Strong consensus for better schools
Wednesday, September 26, 2007
Continuing debate over how to improve South Carolina's public education system is a necessary process. But the rising intensity of that debate in recent years has often obscured the vast public agreement on practical principles that must be followed to advance this mission. New research from Furman University's Riley Institute offers fresh evidence of that consensus — and fresh grounds for encouragement.
That study, "In Their Own Words: A Public Vision for Educational Excellence in South Carolina," was conducted through an extensive written survey and more than 3,000 hours of focus group interviews with nearly 800 people, including district superintendents, school board members, principals, teachers, parents and business leaders.
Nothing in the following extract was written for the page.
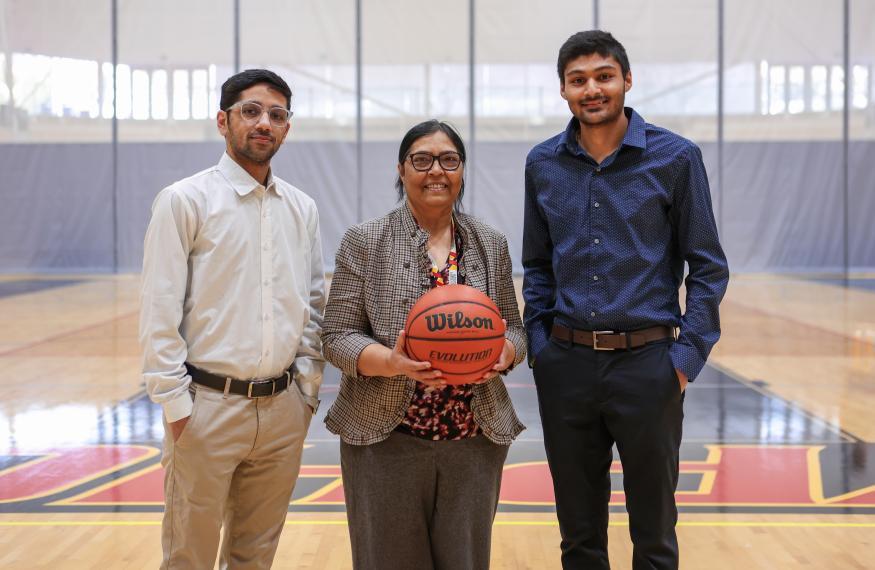 professor Ritu Chaturvedi, MDS graduate Chirag Rathi, and undergraduate student Neh Desai standing in a basketball court and posing for a group photo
Every school district in the state was represented.
The overarching conclusion of the research, funded by the William and Flora Hewlett Foundation: South Carolinians, regardless of their incomes, backgrounds or locations, strongly support taking proven steps to raise academic achievement in public schools.
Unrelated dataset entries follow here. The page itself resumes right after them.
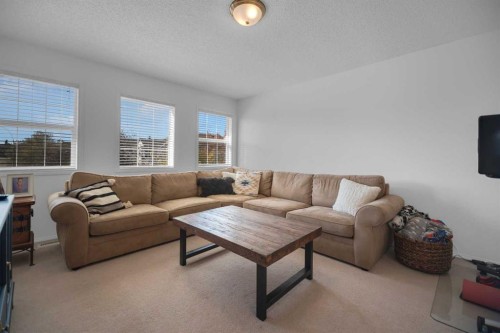 154 Bridlewood Court Sw, Calgary, AB - Indoor Photo Showing Living Room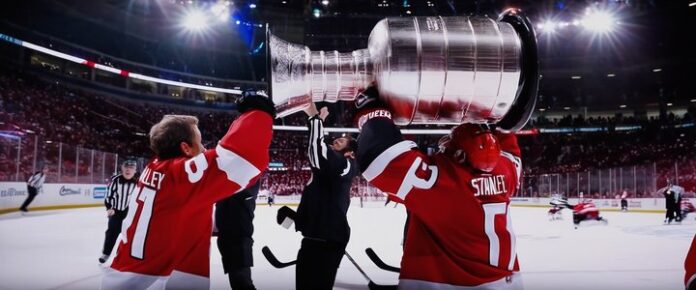 Hockey players collide on ice during Stanley Cup playoff game.
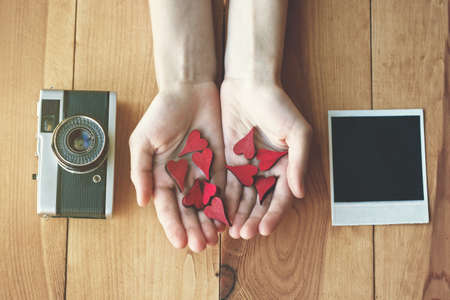 hand with hearts as like symbol in social media for pictures and photos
Recurring themes: 1) Increasing early-childhood education programs; 2) Strengthening after-school and summer initiatives for students at risk of falling behind, and developing schools as learning centers for entire communities; 3) Boosting teacher quality with enhanced recruiting, retention and training.
Riley Institute executive director Donald Gordon visited this newspaper last week to discuss the study, telling us that "accountability and high standards" also drew high marks across the wide range of respondents. He said "hot-button issues" such as vouchers didn't generate nearly as much heat in the study as they do in the political realm. He explained: "Those partisan considerations just didn't come up. We were surprised in a such a positive way that education was such a common-sense issue."
Cathy Stevens, assistant director of the Riley Institute, hailed "the excitement and the energy and the enthusiasm" exhibited in the focus-group discussions, adding: "I sense a real commitment to change."
Such change is clearly needed. For instance, despite national rises in math and reading on the National Assessment of Educational Progress scores released Tuesday, South Carolina's scores on that "national report card" for fourth- and eighth-graders remained stagnant.
Of course, it's much easier to say you want better public schools than to deliver them. And the study didn't deal with the ever-thorny issue of how to fund needed education progress. Perhaps a future study that Furman officials said they hope to conduct will shed more light.
Meanwhile, S.C. Education Superintendent Jim Rex rightly took the Riley Institute research as a welcome sign, telling our reporter last week: "There's intense, broad-based support for our public schools, and there's interest in improving them and reforming them."
As the Furman study shows, that support crosses political and economic lines.